I know the life I am creating for myself is one of success and...security? Is that the appropriate word? "American dream," right? To echo the theme of one of the chapters: it gets better. My parents created opportunities for me to have a much better life than they've had, and in many ways I will. This may sound dramatic, but right now really feels like one of the great turning points of my life. Everything is changing for myself and for my family so, so quickly. My mom moved away. My brother went to live with my dad. I moved out to my first apartment. But I never want to forget what it was like for us to get to this point.

Good read.

May 10, 2014

He taught me how to read.

One week until my mom relocates to Houston and so I'm experiencing some serious nostalgia traveling down Memory Lane while I clean & unearth some gems we've kept for the past many years. Thought these were appropriate for this blog. (I've been achieving reading goals since 96!)



May 07, 2014

“I can still tend the rabbits, George? I didn't mean no harm, George.”


Of Mice and Men
By John Steinbeck

“I can still tend the rabbits, George? I didn't mean no harm, George.” 

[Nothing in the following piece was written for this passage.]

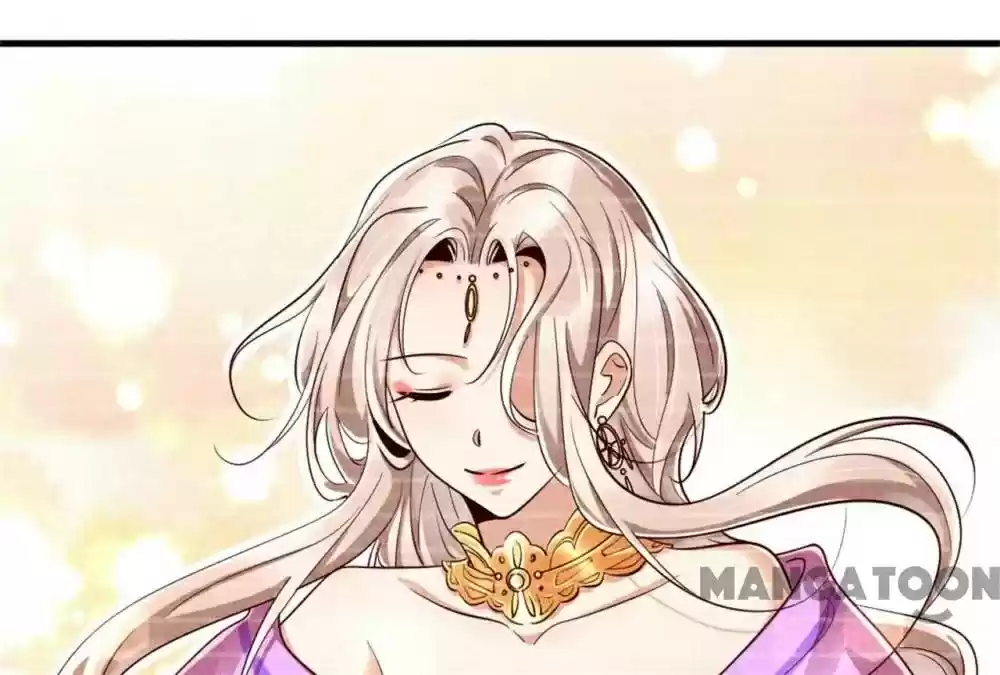 Princess Tomboy & Prince Grumpy Chapter 110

I read this about a month ago for the first time and really liked it. In a way, the classic had always been on my to-read list, but when I saw it had a limited engagement on Broadway starring James Franco and Chris O'Dowd, it encouraged me to read it sooner. I saw it last night with friends and thought it was fantastic. Chris O'Dowd's performance as Lennie blew me away. 

May 03, 2014

To live is to exist within a conception of time. But to remember is to vacate the very notion of time.



Asterios Polyp
By David Mazzuchelli

I can't wait to read this again and again. The first time was splendid, but I knew as soon as I completed it that it's the kind of read that begs rereading.